I have no idea, Shene. I do everything by "feel".


----------



## Wayne A. Pflughaupt (Apr 13, 2006)

los153 said:


> A little off the topic of adjusting only volume, but still on the topic of "adding impact"... *I added an equalizer* between the sub out on my AVR and the inputs on my subs
> 
> ...and tweaked the sub-EQ that way, *adding effectively a low-frequency shelf*, and managed to *extend the low corner of the subs another 10 Hz or so.*


The equalizer should indicate the numeric frequencies that you made for these adjustments. This is what @shene is asking about.

Regards,
Wayne


----------



## DukeSweden (3 mo ago)

Wayne A. Pflughaupt said:


> The equalizer should indicate the numeric frequencies that you made for these adjustments. This is what @shene is asking about.
> 
> Regards,
> Wayne


63Hz and 160Hz down to -8 and -7 db. Hope that makes sense.


----------



## los153 (Nov 5, 2006)

shene said:


> What frequency range did you boost ?? As I understand it the chest thump impact is in the 50 to 100 cps realm, not real low frequency.

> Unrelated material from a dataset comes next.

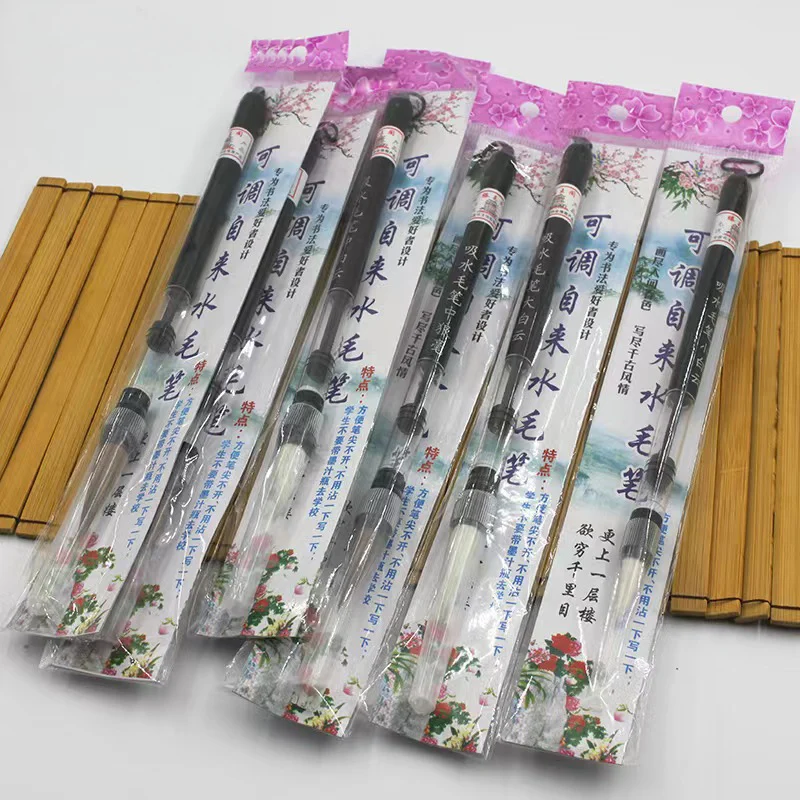 3 Pcs/set Self Suction Calligraphy Brushes Inkable Chinese Painting Brush Weasel Wool Hair Xiaokai Regular Script Writing Pen calligraphy brush paint brush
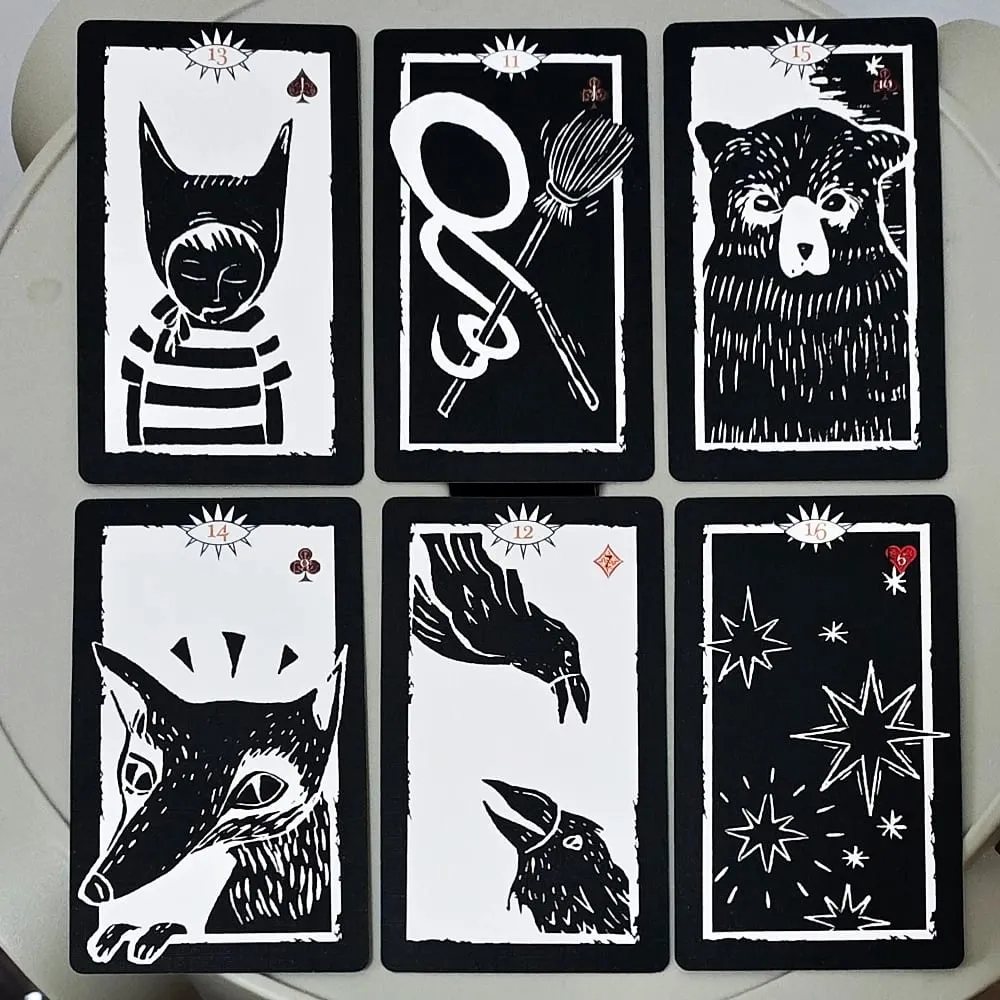Gulliver Lenormand Oracle Deck 10.3*6cm - 36 Cards Minimalist Black & White Linocut Art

My particular combination of dual low-profile subs in my room saw improvement by boosting below roughly 40 Hz and then again below 20 Hz. I could be more exact but it almost surely would not translate exactly to your setup and room. I do agree with the "chest thump" impact being around where you say, with the lowest octaves being more for rumble (and for music - the lowest bass notes - my favorite music example for this is "Crazy" by Seal, after the interlude).

My external EQ is a Behringer DEQ2496. I used bandpass boosting, using onlinetonegenerator.com with a repeating downward log sweep from about 500 Hz down to 10 Hz, while tweaking the center, bandwidth, and gain of the boosts, aiming for the flattest downward extension to as low as possible. Doing this I was able to add about an octave and a half to the low end that way (now bottoms out just under 20 Hz - very satisfying). If I recall correctly, I also kept a highpass to protect the subs from out-of-control boosting below 10 Hz. Were I to do it again, I would probably opt for a shelving boost (or two), rather than the bandpass boosts, because I believe that smoother results may be easier to obtain due to the fewer parameters needed to adjust. 

Using an external EQ has both benefits and perils - you can have more control over where you stage your gains to avoid clipping too soon in the signal chain, but with that control comes more places to keep track of those levels.


----------



## DukeSweden (3 mo ago)

los153 said:


> ...with that control comes more places to keep track of those levels.


Didn't Aunt May say that to Peter? ;-)
Oh man, you guys are confusing me now. Bandpass boosting, downward log sweeps, gain of the boosts...it's all foreign to me. All I know is the equalizer in my RX-A2A only allows me to tweak 63Hz and 160Hz on the sub, the rest of the bands are grayed out. Anyway I was watching Black Adam tonight (DD+ audio but ok for now) and I knocked a few things off the shelf without any boominess. So I'm good ;-)


----------



## los153 (Nov 5, 2006)

DukeSweden said:


> Didn't Aunt May say that to Peter? ;-)
> Oh man, you guys are confusing me now. Bandpass boosting, downward log sweeps, gain of the boosts...it's all foreign to me. ...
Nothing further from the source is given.